The University College of the North’s (UCN) ninth language arts festival took place in Thompson April 24-25, with a trio of artists giving Indigenous youth plenty of insight on how to turn their passion into a career.
Similar to the last festival that UCN hosted in Thompson back in 2014, this year’s event revolved around the theme of humour, with two of its keynote speakers being veterans of the stand-up comedy scene.
Both Ryan McMahon and Gerry Barrett got to showcase their comedic chops on Wednesday night by performing at the Bill Comaskey Wellness Centre.
Since the festival’s participants were primarily Indigenous high school students −hailing for Cross Lake and Nelson House as well as Thompson −McMahon and Barrett’s material largely stemmed their own experiences “living on the rez” and navigating the entertainment industry through an Aboriginal lens.
While both men maintained a light tone throughout their respective sets, they also covered some darker subject matter, with Barrett joking about his experiences as a Sixties Scoop survivor.
The veteran comedian closed out the show by performing a number of Elvis Presley songs in full costume.
“Indigenous storytelling is just a doorway into a world that you might not have access to,” McMahon said in a conversation with the Thompson Citizen. “Indigenous stories give the world access to our lives in a way that takes you out of the negative headlines and the tropes and the stereotypes and provides a context and perspective on our lives that you don’t otherwise get.”

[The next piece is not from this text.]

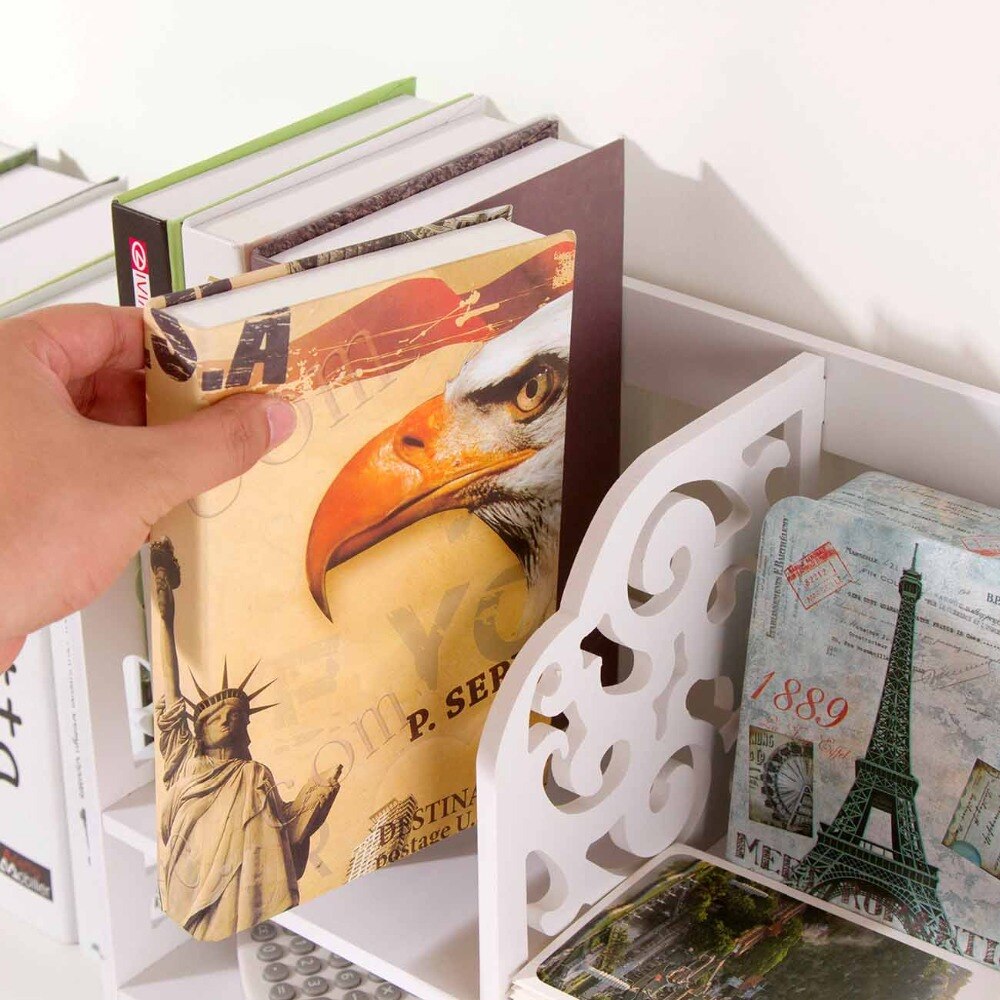 Wood Shelf Bookshelf Desktop Storage Rack Shelves Makeup Organizer Sundries Book Holder Room Bathroom Organizer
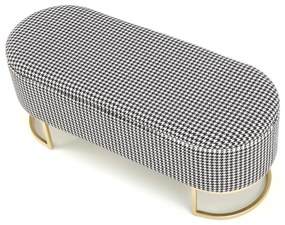 HARMONY ławka, pufa z funkcją pojemnika czarny biały złoty pepitka glamour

While author Chadwick Ginther was the outlier in this year’s speaker line-up, not being a professional comedian, he still hit on the importance of telling unique stories through different mediums.
“Find the stories that you want to read and nobody is telling,” he said. “You need to write those, because nobody else will.”

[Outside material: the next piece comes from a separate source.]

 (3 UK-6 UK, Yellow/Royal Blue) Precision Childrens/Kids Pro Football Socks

Ginther’s career as a published author is largely built on the back of this philosophy. His Thunder Road trilogy, for example, has a distinct Northern Manitoba look and flavour, with a lot of the action and the climax of the first book in his fantasy series taking place in Flin Flon.
Throughout this two-day festival, the roughly 30 youth participants also got to interact with these entertainers more closely through a series of workshops.
On top of critiquing their writing submissions, Ginther said these sessions also gave him an opportunity to tell these students about how to successfully monetize their love of writing and the arts.
“It’s tough ... usually it involves a lot of freelancing around your discipline,” he said. “A lot of writers also work as editors or do manuscript evaluations or do teaching gigs. All that sort of stuff.”
McMahon said this diversity of opportunity is also available through his career as a comedian, since he’s done work in film, television, publishing and even podcasting.
For any Indigenous youth who are still unsure of their ability to make it in creative industries McMahon ensures them that the Internet has torn down a lot of the barriers that used to exist for burgeoning artists in marginalized communities.
“I’ve been to Hollywood, I’ve been to New York, I’ve been to Toronto, I’ve done shows around the world, but I’m a kid from the bush who grew up on a trapline too,” he said. “So if my dreams can come true with some hard work and dedication, so can yours.”